1. Identifying Challenging Dependencies

To identify syntactic dependencies that are challenging for current state of the art parsers, we tested a number of parsers (both phrase structure and dependency) on a mixed domain corpus and identified the differences in their output.  We took sentences where at least one of the parsers gave a different answer than the others or the gold parse.  Some of these differences reflected linguistic convention rather than semantic disagreement (e.g. representation of coordination) and some did not represent meaningful differences that can be expressed with entailments (e.g. labeling a phrase ADJP vs ADVP).  The remaining differences typically reflected genuine semantic disagreements that would effect downstream applications.  These were chosen to turn into entailments in the next step.

2. Constructing Entailments

We tried to make the entailments as targeted as possible by building them around two content words that are syntactically related.  When the two content words were not sufficient to construct a grammatical sentence we used one of the following techniques:

  • complete the mandatory elements using the words "somebody" or "something".  (e.g. To test the subject-verb dependency in "John kissed Mary." we construct the entailment "John kissed somebody.")
  • make a passive sentence to avoid using a spurious subject.  (e.g. To test the verb-object dependency in "John kissed Mary." we construct the entailment "Mary was kissed.")
  • make a copular sentence to express noun modification.  (e.g. To test the noun-modifier dependency in "The big red boat sank." we construct the entailment "The boat was big.")
3. Filtering Entailments

To identify the entailments that are clear to human judgement we used the following procedure:

  • each entailment was tagged by 5 untrained annotators.
  • the results from the annotators whose agreement with the gold parse fell below 70% were eliminated.
  • the entailments for which there was unanimous agreement of at least 3 annotators were kept.

The instructions for the annotators were brief and targeted people with no linguistic background:

Computers try to understand long sentences by dividing them into a set of short facts. You will help judge whether the computer extracted the right facts from a given set of 25 English sentences. Each of the following examples consists of a sentence (T), and a short statement (H) derived from this sentence by a computer. Please read both of them carefully and choose "Yes" if the meaning of (H) can be inferred from the meaning of (T). Here is an example:

(T) Any lingering suspicion that this was a trick Al Budd had thought up was dispelled . 
(H) The suspicion was dispelled. Answer: YES 
(H) The suspicion was a trick.

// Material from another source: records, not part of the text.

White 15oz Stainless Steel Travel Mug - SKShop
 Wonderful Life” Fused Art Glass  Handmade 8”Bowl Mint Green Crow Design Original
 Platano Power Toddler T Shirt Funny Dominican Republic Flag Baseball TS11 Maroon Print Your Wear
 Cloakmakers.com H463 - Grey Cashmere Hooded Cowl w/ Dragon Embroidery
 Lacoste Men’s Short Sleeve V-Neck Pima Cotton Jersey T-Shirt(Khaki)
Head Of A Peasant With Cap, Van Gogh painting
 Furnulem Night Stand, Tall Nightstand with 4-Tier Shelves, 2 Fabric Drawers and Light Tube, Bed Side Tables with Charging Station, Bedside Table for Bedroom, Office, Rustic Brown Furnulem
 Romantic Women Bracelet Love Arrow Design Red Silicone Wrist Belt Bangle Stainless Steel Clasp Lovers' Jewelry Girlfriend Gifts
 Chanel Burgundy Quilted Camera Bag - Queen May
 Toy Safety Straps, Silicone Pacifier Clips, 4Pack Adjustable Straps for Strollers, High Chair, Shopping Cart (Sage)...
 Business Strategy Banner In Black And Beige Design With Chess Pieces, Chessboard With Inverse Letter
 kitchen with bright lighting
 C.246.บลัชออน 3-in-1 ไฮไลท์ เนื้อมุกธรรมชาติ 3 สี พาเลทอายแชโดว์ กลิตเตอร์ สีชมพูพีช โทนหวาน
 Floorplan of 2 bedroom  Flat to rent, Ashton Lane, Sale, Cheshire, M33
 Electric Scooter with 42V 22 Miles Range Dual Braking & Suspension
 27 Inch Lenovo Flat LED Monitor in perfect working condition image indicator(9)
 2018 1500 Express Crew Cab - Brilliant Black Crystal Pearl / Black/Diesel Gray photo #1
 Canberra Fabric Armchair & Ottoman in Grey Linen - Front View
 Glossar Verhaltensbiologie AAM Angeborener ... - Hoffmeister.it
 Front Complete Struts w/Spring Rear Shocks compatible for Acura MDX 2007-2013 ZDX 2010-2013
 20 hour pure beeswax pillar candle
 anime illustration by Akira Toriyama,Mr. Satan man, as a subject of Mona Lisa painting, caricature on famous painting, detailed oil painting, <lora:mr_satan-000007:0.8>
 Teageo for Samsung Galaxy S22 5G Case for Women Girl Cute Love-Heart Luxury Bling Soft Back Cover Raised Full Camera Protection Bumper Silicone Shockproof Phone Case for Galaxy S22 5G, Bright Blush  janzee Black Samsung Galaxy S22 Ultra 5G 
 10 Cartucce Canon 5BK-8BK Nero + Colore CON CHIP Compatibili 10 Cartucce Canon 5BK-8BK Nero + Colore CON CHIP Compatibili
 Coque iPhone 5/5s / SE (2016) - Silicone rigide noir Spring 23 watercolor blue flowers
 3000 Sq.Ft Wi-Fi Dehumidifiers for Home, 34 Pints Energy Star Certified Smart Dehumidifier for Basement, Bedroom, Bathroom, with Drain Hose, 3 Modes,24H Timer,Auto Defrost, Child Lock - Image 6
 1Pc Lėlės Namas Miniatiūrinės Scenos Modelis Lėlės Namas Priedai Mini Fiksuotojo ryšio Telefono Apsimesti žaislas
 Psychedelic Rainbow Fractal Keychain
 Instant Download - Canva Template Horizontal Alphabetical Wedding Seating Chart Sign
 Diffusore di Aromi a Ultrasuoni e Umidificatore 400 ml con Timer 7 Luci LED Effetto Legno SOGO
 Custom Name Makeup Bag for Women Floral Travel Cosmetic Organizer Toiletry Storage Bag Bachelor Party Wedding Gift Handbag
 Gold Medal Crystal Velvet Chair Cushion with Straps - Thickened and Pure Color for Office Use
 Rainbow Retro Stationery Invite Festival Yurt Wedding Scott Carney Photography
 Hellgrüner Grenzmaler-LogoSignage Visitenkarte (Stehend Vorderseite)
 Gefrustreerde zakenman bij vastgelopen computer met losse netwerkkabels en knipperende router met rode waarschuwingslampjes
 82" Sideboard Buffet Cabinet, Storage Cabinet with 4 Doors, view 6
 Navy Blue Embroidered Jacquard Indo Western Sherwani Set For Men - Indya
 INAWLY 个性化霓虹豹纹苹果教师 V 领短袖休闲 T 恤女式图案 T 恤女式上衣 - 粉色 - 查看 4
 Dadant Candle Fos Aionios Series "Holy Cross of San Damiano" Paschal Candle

Answer: NO

You can choose the third option "Not sure" when the (H) statement is unrelated, unclear, ungrammatical or confusing in any other manner.

The "Not sure" answers were grouped with the "No" answers during evaluation.  Approximately 50% of the original entailments were retained after the inter-annotator-agreement filtering.

4. Rationale

By picking dependencies that current state of the art parsers disagree on, we hoped to create a dataset that would focus attention on the long tail of parsing problems that do not get sufficient attention using common evaluation metrics.  By further restricting ourselves to differences that can be expressed by natural language entailments, we hoped to focus on semantically relevant decisions rather than accidents of convention which get mixed up in common evaluation metrics.  We chose to rely on untrained annotators on a natural inference task rather than trained annotators on an artificial tagging task because we believe (i) many subfields of computational linguistics are struggling to make progress because of the noise in artificially tagged data, and (ii) systems should try to model natural human linguistic competence rather than their dubious competence in artificial tagging tasks.  Our hope is datasets like PETE will be used not only for evaluation but also for training and fine-tuning systems in the future.